I’ve just uploaded the D.H.J. Polymath article “Density Hales-Jewett and Moser numbers” to the arXiv, submitted to the Szemeredi birthday conference proceedings.

This article investigates the Density Hales-Jewett numbers $c_{n,3}$, defined as the largest subset of the n-dimensional cube $[3]^n$ containing no combinatorial line, as well as the related Moser numbers $c'_{n,3}$, defined as the largest subset of the n-dimensional cube containing no geometric line.  We compute the first six numbers in each sequence in this paper.  For the DHJ numbers, they are 1,2,6,18,52,150,450 and for the Moser numbers they are 1,2,6,16,43,124,353.  The last two elements of both sequences are new; the computation $c'_{6,3}=353$ was the hardest and required a non-trivial amount of computer assistance.

We also establish the asymptotic lower bounds

$c_{n,3} \geq 3^n \exp( - O(\sqrt{\log n}) )$

and

$c'_{n,3} \geq (2 \sqrt{\frac{9}{4\pi}} + o(1)) \frac{3^n}{\sqrt{n}}$.

In contrast, the best known upper bound to these quantities is $O(3^n / \log^{1/3}_* n)$, obtained by the sister project to this Polymath project.

We also show a counterexample to a certain “hyper-optimistic conjecture” which would have generalised the Lubell-Yamamoto–Meshalkin (LYM) inequality to this setting.

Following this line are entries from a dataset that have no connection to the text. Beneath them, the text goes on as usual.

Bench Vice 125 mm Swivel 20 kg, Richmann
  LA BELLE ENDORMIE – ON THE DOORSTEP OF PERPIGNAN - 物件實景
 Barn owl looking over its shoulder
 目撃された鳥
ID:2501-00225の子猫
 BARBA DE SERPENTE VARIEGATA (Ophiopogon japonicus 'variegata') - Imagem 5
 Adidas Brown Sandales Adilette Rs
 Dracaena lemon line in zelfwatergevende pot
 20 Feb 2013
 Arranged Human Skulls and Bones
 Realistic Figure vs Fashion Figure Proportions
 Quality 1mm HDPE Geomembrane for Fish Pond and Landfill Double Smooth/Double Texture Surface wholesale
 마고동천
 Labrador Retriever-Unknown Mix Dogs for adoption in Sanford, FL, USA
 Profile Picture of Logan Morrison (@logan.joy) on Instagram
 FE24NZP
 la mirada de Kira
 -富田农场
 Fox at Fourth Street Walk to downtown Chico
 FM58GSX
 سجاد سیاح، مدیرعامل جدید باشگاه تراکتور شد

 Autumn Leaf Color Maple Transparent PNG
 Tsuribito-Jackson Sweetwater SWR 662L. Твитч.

Thanks to all the participants for this interesting experiment in collaborative mathematics.  This is certainly a different type of project from the ones I normally am involved in, but I found it to be an enjoyable and educational experience.

There is still some time to make further (minor) corrections; I think the deadline for the final submission should be in April.